News app from Microsoft

Microsoft Start was a web portal that featured news headlines and articles that MSN editors chose. The app included sections for top stories, regional events, international events, politics, money, technology, entertainment, opinion, sports, and crime, along with other miscellaneous stories. The app was available for Android and iOS devices only; other users used its web version.

Microsoft Start was the planned successor to Microsoft News and MSN, which are also available for Windows. With the release of Windows 11, however, Microsoft directly integrated news into Windows taskbar, and was later backported to Windows 10.

Microsoft sends unsolicited "Start Daily" news bulletins to its Outlook mail customers unless they block or unsubscribe from the service.

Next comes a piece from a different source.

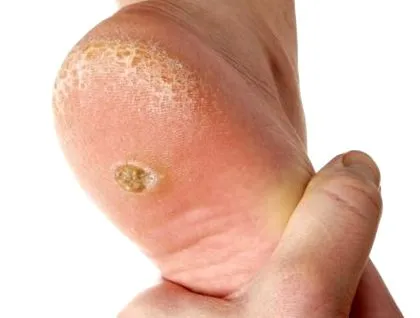 papilloma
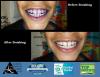 Photo for dentist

From November 2024, the Microsoft Start website and app were rebranded back to the MSN brand, ending Microsoft's attempts of rebranding MSN.

==Predecessor==
Microsoft News (formerly MSN News and Bing News) is the predecessor of Microsoft Start. It has been included with Windows Phone, Windows 8, Windows 8.1, and Windows 10. It is still available on the Microsoft Store. It allows users to set their own favorite topics and sources, receive notifications of breaking news though alerts, filter preferred news sources, and alter font sizes to make articles easier to read. Originally, News included an RSS feed, but that capability was removed; Microsoft currently only allows users to subscribe to specified news sources. News uses the live tile feature introduced in the Windows 10 Anniversary Update. If a user clicks on the News Start menu tile when a particular story is shown, the user will see a link to that story at the top of the app when it launches.